• **TASK INSTRUCTIONS**
Leaving out the pictures, return word for word the stretch of entries below from the line holding "CO license plate 069AYQ" through the line holding "Torii Gate Japanese".

• **DATA FOR THIS EXERCISE**
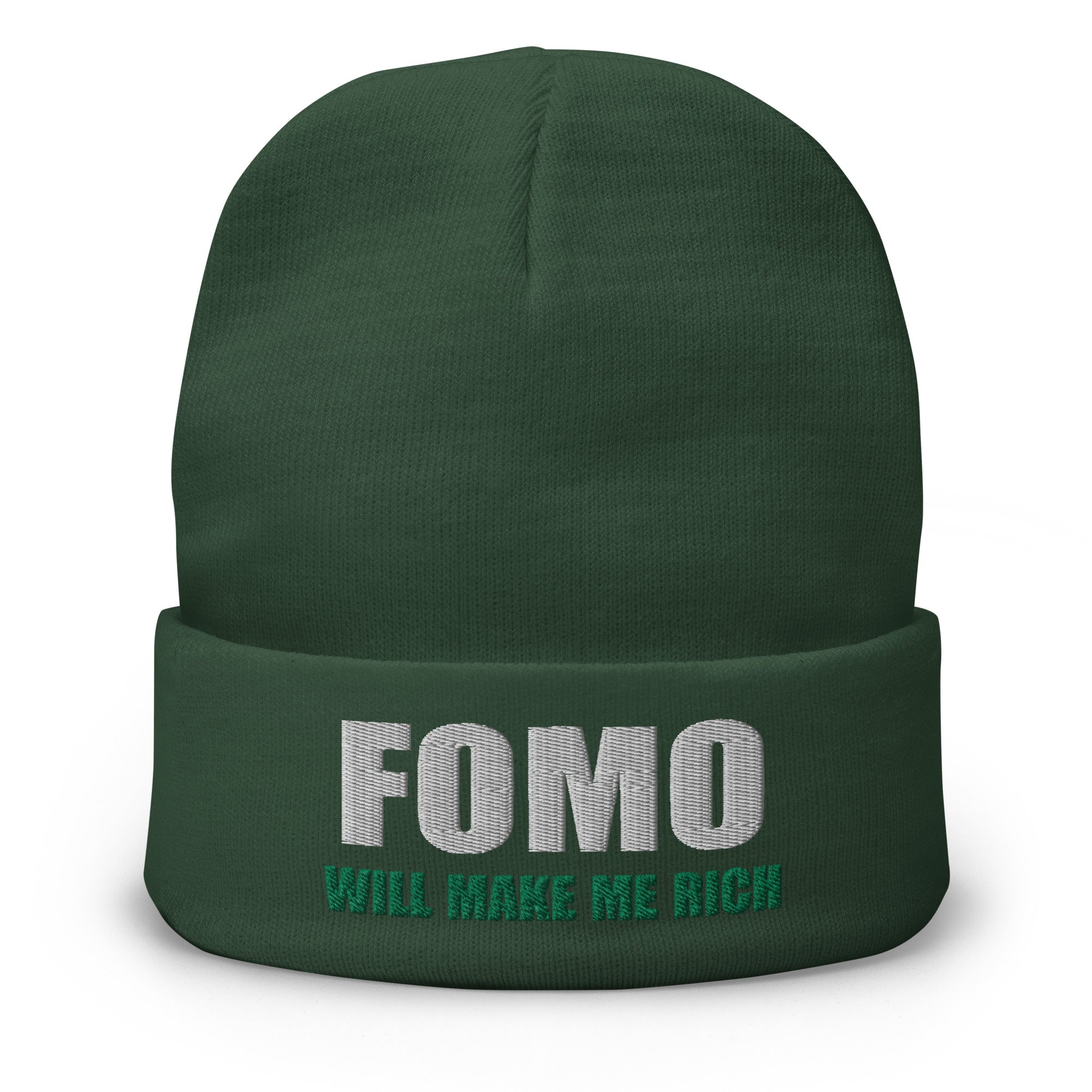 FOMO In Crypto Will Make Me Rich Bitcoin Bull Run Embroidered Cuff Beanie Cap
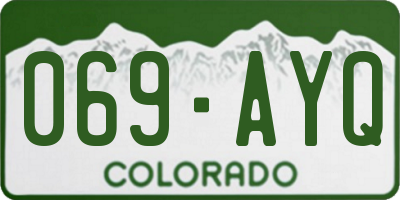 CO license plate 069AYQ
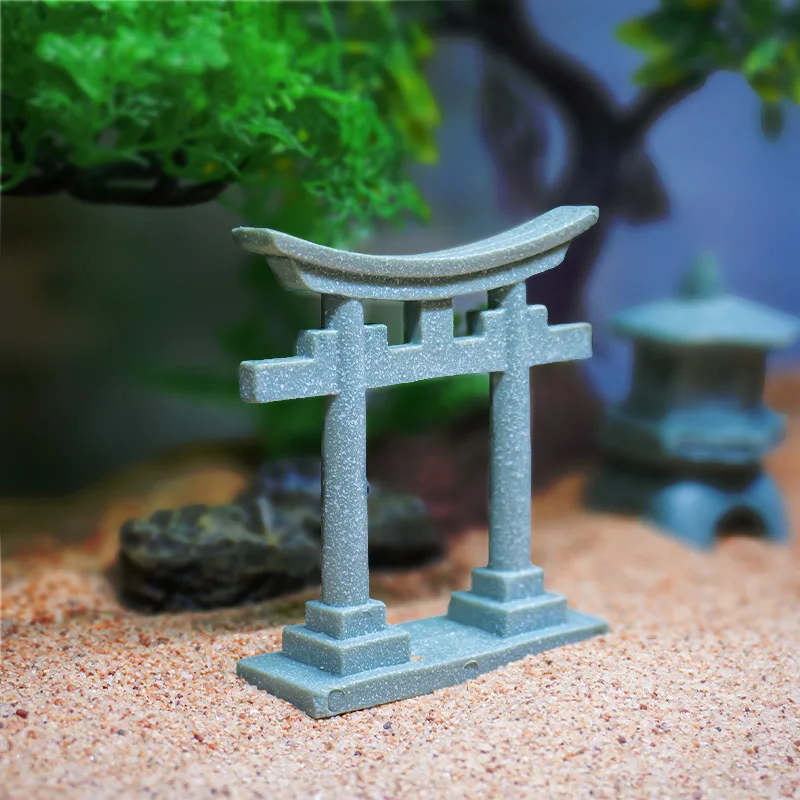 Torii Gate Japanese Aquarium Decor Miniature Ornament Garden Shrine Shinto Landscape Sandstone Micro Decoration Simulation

==

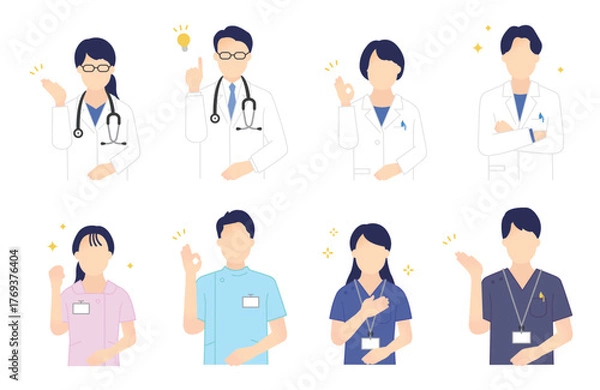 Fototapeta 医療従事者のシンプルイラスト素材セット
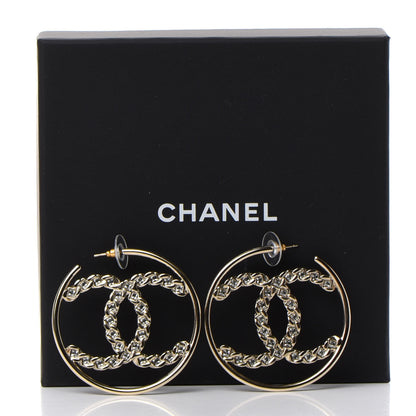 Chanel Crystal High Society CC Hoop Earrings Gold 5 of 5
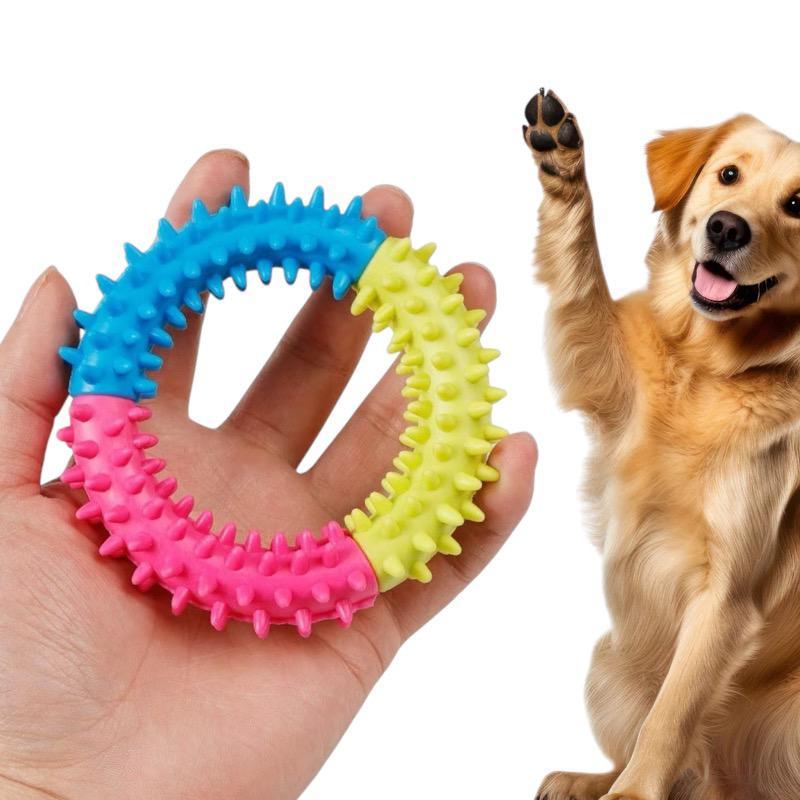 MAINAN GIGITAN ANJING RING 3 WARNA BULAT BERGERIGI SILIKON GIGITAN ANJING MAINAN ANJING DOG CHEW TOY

• **ANSWER**
 CO license plate 069AYQ
 Torii Gate Japanese Aquarium Decor Miniature Ornament Garden Shrine Shinto Landscape Sandstone Micro Decoration Simulation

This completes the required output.